Semenya si è opposta a tale prescrizione e, a partire dal 2019, non ha più potuto partecipare alle competizioni internazionali. La sua contestazione è stata inizialmente esaminata dal Tribunale arbitrale dello sport (TAS/CAS), con sede a Losanna, che ha confermato la validità del regolamento. Un successivo ricorso al Tribunale federale svizzero ha avuto lo stesso esito. L’atleta si è quindi rivolta alla Corte EDU.
I diritti in discussione
La Corte europea è chiamata a esprimersi su tre articoli della Convenzione europea dei diritti dell’uomo:
- il diritto al rispetto della vita privata (art. 8 CEDU),
- il divieto di discriminazione (art. 14),
- il diritto a un ricorso effettivo (art. 13).

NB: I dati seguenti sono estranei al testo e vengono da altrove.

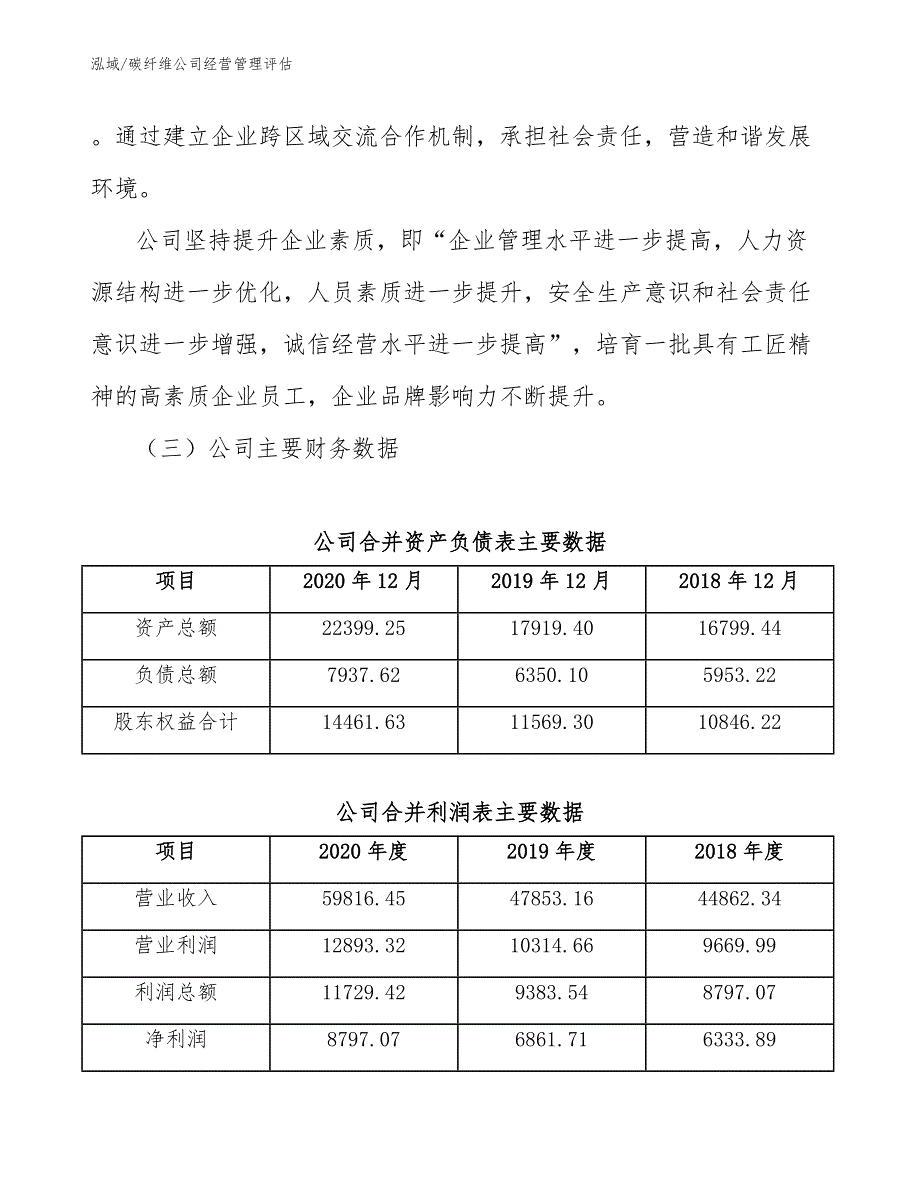 碳纤维公司经营管理评估（范文）_第3页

Nel luglio 2023, una prima pronuncia della Corte aveva stabilito che la Svizzera non aveva garantito a Semenya un esame adeguato delle sue denunce da parte delle autorità giudiziarie, rilevando quindi una violazione dei suoi diritti. La decisione era stata impugnata dallo Stato elvetico, che ha chiesto un riesame da parte della Grande Camera, il massimo grado di giudizio della Corte.
Il ruolo della Svizzera
Il legame tra la vicenda e la Svizzera riguarda la sede del Tribunale arbitrale dello sport (TAS/CAS), che ha sede a Losanna. Creato nel 1984 su iniziativa del Comitato olimpico internazionale, il TAS/CAS è un tribunale privato che si occupa della risoluzione delle controversie in ambito sportivo. Gli atleti che partecipano a competizioni internazionali accettano di vincolarsi a tale giurisdizione, rinunciando di fatto ad adire tribunali pubblici.

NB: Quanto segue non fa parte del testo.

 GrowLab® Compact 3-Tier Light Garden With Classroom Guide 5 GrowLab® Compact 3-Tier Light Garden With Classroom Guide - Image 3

Questo elemento ha sollevato interrogativi circa la possibilità, per persone soggette a decisioni del TAS/CAS, di accedere a garanzie giudiziarie equivalenti a quelle offerte dai sistemi giuridici statali. La Corte EDU dovrà quindi valutare se il sistema arbitrale – e la vigilanza esercitata dalle autorità svizzere – rispetti gli standard previsti dalla Convenzione.
Le questioni aperte
Il caso Semenya contro Svizzera solleva due serie di questioni. La prima riguarda il rapporto tra sport e diritti delle persone intersessuali: è legittimo richiedere modifiche ormonali per garantire l’equità nelle competizioni? In che modo tali regolamenti possono incidere sulla privacy e sull’integrità fisica degli atleti?
La seconda riguarda l’equilibrio tra autorità pubbliche e organismi privati. Organizzazioni come World Athletics o il TAS/CAS esercitano un’influenza significativa sulla vita professionale degli atleti, pur operando fuori dai circuiti giurisdizionali statali. La sentenza della Grande Camera potrebbe fornire indicazioni su come bilanciare autonomia sportiva e tutela dei diritti fondamentali, anche quando a essere coinvolti sono enti privati con sede in paesi terzi.

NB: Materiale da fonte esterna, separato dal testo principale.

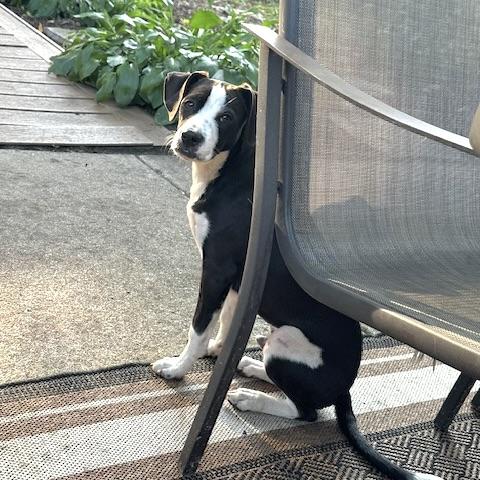 Pongo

L’esito del pronunciamento potrebbe incidere sul modo in cui le federazioni sportive internazionali redigono e applicano i propri regolamenti, ma anche sul ruolo di vigilanza che gli Stati devono esercitare sui meccanismi arbitrali che si svolgono nel loro territorio. Il verdetto della Corte EDU costituirà una tappa significativa nel dialogo tra sport, giustizia e diritti umani in Europa.